• _About this task_
All that is needed is an exact copy of the lines from the beginning of the data below through the line containing "Poster collection of", minus the pictures.

Stored data:
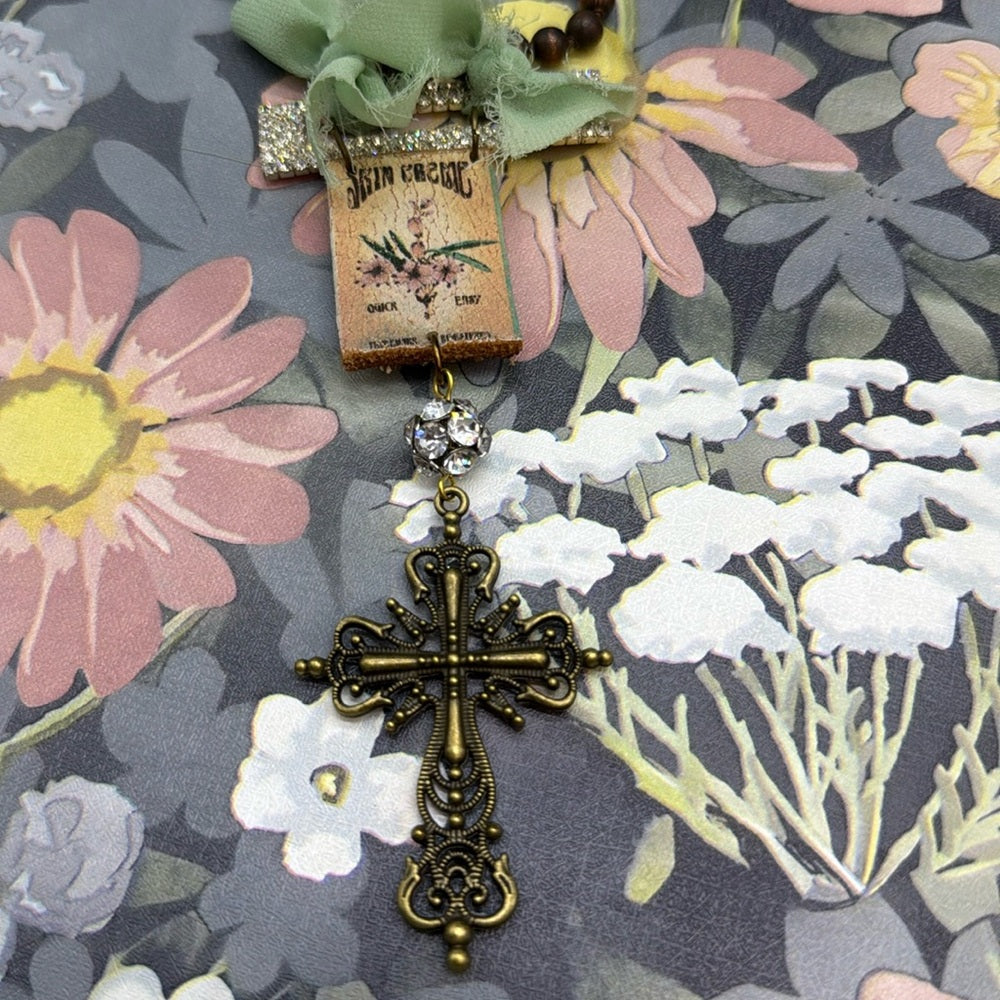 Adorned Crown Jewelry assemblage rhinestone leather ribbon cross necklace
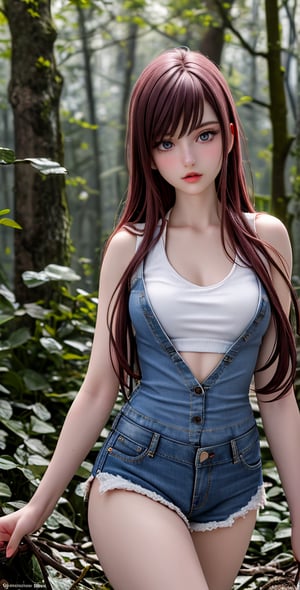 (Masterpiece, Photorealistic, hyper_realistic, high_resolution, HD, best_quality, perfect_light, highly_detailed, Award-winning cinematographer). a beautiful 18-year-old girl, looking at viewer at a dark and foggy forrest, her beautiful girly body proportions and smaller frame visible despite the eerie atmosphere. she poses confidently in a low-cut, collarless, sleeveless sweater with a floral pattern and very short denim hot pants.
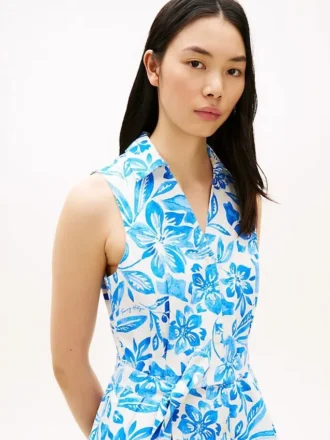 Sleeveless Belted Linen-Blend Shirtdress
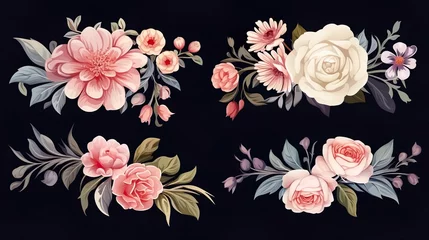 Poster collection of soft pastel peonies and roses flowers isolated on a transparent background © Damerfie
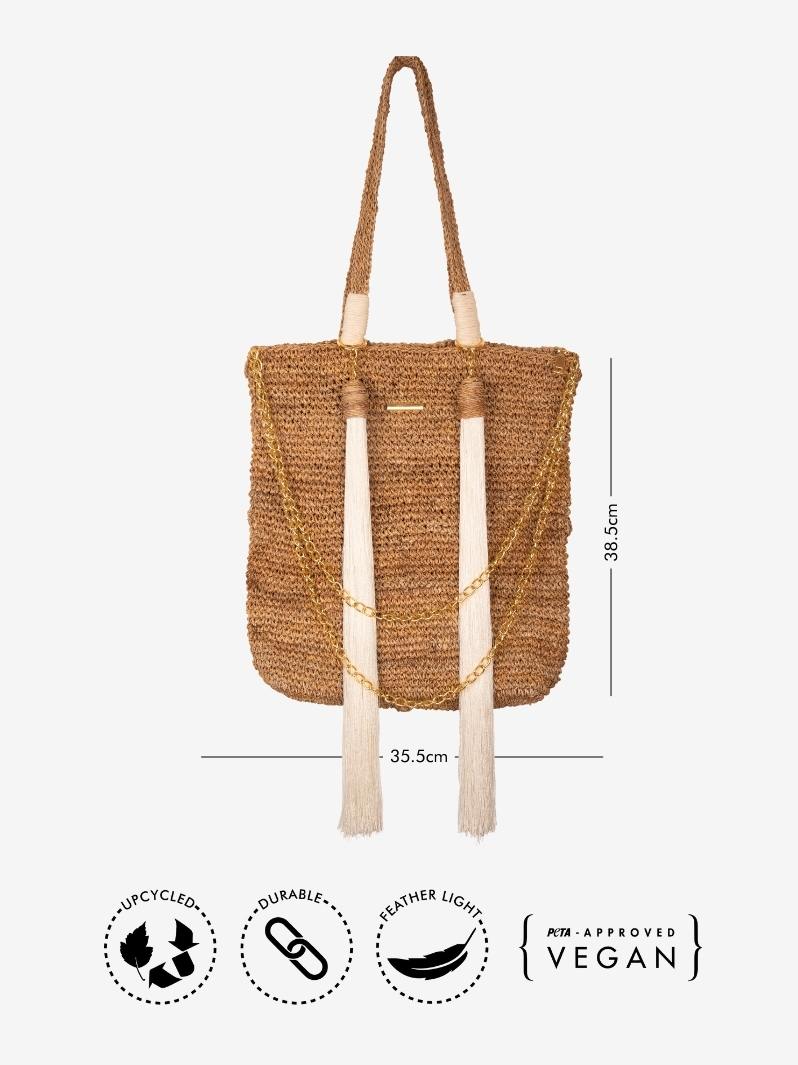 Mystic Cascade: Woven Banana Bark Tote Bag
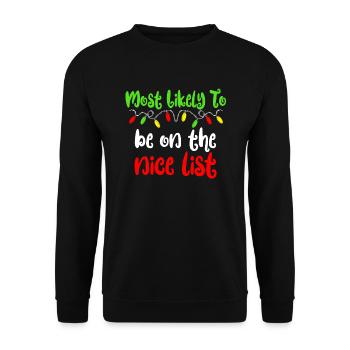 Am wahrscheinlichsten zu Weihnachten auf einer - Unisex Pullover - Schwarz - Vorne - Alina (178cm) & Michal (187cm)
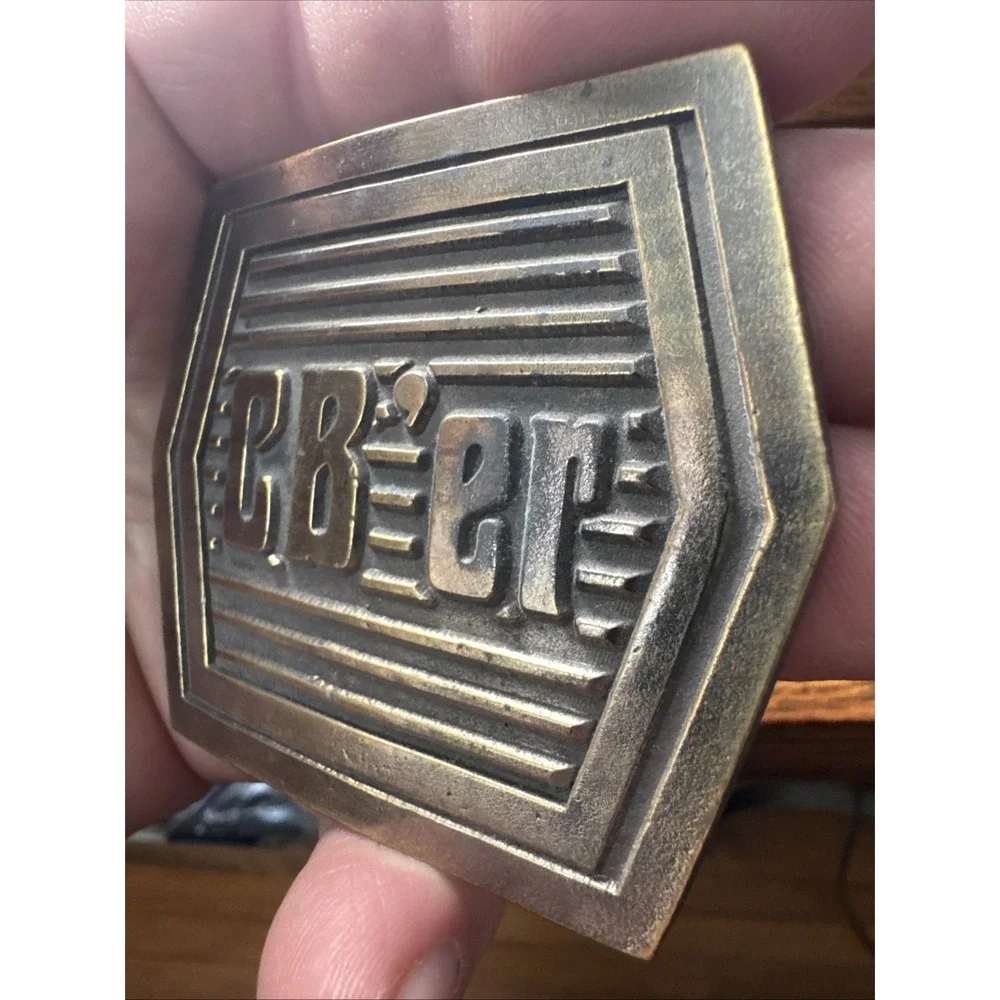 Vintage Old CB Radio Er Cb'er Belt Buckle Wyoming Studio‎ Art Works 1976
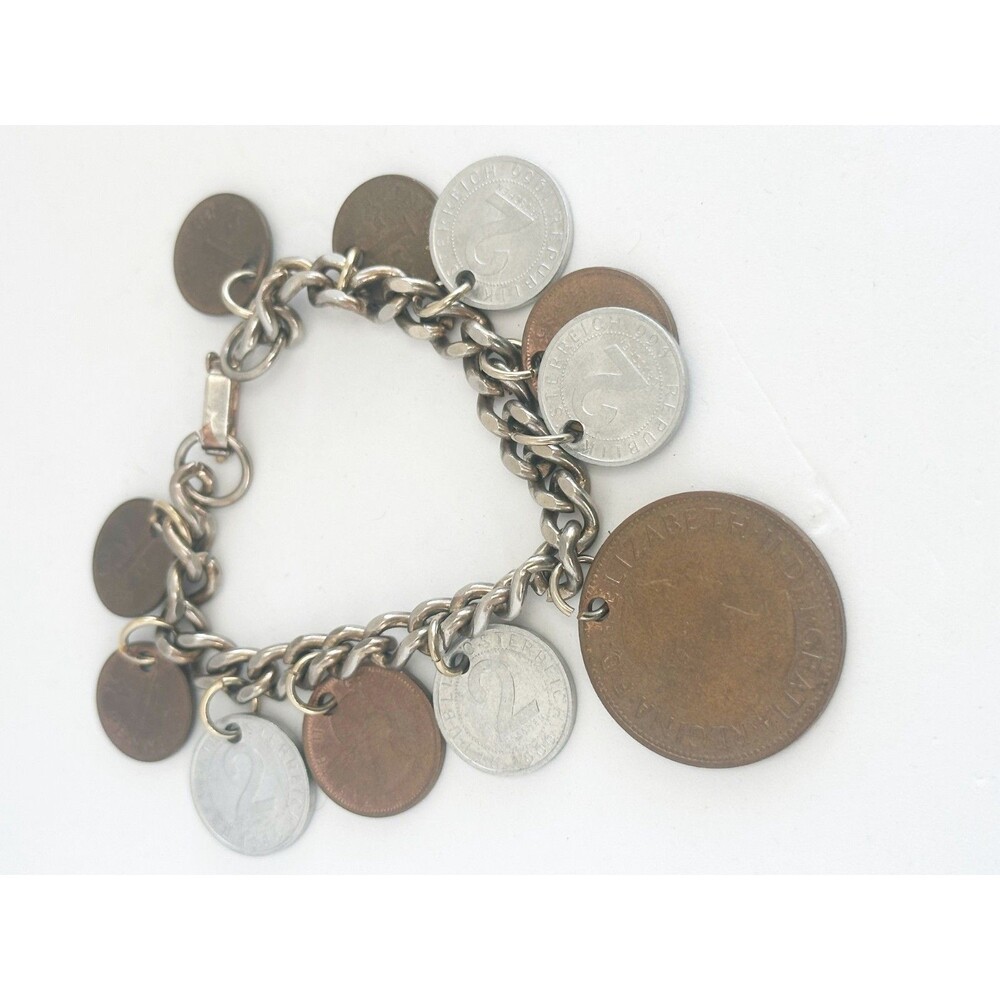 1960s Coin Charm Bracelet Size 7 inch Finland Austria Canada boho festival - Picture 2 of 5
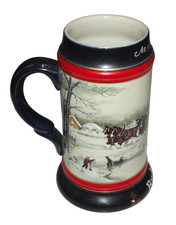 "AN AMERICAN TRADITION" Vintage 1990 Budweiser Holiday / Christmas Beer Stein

• _Task answer_
 Adorned Crown Jewelry assemblage rhinestone leather ribbon cross necklace
 (Masterpiece, Photorealistic, hyper_realistic, high_resolution, HD, best_quality, perfect_light, highly_detailed, Award-winning cinematographer). a beautiful 18-year-old girl, looking at viewer at a dark and foggy forrest, her beautiful girly body proportions and smaller frame visible despite the eerie atmosphere. she poses confidently in a low-cut, collarless, sleeveless sweater with a floral pattern and very short denim hot pants.
 Sleeveless Belted Linen-Blend Shirtdress
 Poster collection of soft pastel peonies and roses flowers isolated on a transparent background © Damerfie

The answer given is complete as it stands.